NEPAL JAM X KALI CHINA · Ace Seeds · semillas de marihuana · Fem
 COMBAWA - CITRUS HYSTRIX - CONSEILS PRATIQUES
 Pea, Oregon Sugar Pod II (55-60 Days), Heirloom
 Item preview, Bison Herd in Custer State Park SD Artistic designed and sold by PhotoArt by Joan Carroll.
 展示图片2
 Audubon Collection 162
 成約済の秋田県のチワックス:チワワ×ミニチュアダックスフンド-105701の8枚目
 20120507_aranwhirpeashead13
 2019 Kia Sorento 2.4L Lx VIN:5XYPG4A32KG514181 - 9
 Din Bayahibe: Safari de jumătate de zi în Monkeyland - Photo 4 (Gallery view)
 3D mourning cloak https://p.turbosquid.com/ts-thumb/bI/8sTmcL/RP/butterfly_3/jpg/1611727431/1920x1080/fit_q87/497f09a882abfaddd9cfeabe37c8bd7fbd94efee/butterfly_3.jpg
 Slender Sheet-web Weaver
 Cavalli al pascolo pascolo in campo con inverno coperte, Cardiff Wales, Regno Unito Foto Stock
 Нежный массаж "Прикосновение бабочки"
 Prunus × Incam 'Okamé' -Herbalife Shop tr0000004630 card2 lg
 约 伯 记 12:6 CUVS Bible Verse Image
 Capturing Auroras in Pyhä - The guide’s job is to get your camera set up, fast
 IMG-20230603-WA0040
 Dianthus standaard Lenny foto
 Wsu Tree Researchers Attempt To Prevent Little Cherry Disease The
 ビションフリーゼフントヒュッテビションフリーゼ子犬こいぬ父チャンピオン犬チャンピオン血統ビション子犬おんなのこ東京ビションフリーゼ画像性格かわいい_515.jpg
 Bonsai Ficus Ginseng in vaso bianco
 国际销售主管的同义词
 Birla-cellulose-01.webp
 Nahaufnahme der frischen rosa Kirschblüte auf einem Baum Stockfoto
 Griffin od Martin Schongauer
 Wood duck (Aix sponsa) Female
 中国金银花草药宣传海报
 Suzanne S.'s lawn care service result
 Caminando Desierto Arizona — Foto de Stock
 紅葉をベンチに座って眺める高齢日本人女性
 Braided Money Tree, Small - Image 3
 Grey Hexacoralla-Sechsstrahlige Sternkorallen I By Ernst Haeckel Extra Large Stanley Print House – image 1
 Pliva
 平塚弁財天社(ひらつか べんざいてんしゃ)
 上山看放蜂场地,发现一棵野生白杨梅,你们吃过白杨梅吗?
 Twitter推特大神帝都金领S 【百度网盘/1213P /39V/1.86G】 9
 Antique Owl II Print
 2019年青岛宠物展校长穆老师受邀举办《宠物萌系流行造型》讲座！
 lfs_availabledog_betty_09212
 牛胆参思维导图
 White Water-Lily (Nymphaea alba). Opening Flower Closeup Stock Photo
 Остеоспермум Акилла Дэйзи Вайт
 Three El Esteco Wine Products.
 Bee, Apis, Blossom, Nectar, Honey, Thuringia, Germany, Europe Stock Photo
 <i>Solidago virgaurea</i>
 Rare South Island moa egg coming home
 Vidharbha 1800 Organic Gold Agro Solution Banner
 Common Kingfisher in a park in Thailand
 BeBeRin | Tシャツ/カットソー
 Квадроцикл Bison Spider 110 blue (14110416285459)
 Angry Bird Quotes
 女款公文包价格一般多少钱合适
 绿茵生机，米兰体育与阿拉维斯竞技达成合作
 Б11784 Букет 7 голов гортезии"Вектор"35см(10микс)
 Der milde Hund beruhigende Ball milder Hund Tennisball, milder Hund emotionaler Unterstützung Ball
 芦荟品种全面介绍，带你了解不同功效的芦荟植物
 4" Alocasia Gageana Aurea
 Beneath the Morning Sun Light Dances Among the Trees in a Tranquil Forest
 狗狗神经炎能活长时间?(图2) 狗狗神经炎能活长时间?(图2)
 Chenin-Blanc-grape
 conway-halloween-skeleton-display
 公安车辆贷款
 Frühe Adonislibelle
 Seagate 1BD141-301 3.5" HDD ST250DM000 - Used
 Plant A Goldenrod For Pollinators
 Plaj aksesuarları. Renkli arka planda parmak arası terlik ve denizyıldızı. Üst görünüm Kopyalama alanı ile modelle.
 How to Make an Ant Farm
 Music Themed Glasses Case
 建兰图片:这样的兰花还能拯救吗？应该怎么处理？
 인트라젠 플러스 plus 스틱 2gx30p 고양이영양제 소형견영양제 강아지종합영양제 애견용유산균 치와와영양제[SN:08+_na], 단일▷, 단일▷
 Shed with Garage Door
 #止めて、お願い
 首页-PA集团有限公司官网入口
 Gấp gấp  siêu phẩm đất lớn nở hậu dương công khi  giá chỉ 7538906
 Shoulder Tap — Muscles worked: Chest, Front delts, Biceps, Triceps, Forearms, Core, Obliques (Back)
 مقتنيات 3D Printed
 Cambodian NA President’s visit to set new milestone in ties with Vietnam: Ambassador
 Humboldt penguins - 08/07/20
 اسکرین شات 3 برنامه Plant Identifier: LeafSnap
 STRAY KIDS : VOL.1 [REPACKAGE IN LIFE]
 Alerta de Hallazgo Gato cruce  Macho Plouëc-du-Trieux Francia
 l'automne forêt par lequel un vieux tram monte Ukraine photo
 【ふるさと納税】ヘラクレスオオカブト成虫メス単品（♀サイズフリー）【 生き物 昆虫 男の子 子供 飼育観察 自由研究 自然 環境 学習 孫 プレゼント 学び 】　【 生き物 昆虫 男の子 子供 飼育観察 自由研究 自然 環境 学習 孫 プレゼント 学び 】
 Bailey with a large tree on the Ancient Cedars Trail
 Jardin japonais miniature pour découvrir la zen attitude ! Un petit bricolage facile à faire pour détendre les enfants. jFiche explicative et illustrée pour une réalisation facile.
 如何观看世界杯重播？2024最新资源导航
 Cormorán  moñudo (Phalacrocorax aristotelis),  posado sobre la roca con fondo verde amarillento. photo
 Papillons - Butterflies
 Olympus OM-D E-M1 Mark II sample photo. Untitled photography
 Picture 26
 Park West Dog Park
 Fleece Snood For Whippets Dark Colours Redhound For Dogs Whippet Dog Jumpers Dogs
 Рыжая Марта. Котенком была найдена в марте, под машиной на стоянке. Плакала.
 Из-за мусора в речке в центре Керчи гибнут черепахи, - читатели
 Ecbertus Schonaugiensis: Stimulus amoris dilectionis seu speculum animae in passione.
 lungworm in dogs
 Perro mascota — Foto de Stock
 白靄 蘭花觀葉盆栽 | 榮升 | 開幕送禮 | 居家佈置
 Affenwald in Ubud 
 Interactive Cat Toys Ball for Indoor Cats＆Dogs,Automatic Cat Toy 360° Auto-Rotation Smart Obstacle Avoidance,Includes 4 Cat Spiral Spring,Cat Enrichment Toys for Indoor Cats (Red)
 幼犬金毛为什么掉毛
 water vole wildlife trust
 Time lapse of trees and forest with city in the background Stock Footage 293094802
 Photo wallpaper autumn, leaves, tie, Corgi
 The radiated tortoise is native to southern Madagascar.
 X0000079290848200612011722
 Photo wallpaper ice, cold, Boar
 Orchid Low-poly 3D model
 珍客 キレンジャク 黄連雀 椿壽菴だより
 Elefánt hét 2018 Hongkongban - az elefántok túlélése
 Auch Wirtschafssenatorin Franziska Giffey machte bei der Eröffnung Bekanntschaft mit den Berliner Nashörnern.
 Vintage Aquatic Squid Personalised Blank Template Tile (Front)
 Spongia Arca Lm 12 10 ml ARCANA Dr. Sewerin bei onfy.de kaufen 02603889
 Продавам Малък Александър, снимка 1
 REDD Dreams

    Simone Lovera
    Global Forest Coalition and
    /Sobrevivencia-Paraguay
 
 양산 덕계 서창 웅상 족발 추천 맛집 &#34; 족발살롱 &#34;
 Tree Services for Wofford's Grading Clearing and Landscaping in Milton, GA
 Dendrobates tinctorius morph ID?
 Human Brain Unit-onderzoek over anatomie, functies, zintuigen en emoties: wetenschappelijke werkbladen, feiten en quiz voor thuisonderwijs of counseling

◆ EXERCISE DESCRIPTION
For the word "Front", find every line in the data that holds it and copy that line.

◆ FINAL ANSWER
 Shoulder Tap — Muscles worked: Chest, Front delts, Biceps, Triceps, Forearms, Core, Obliques (Back)
 Vintage Aquatic Squid Personalised Blank Template Tile (Front)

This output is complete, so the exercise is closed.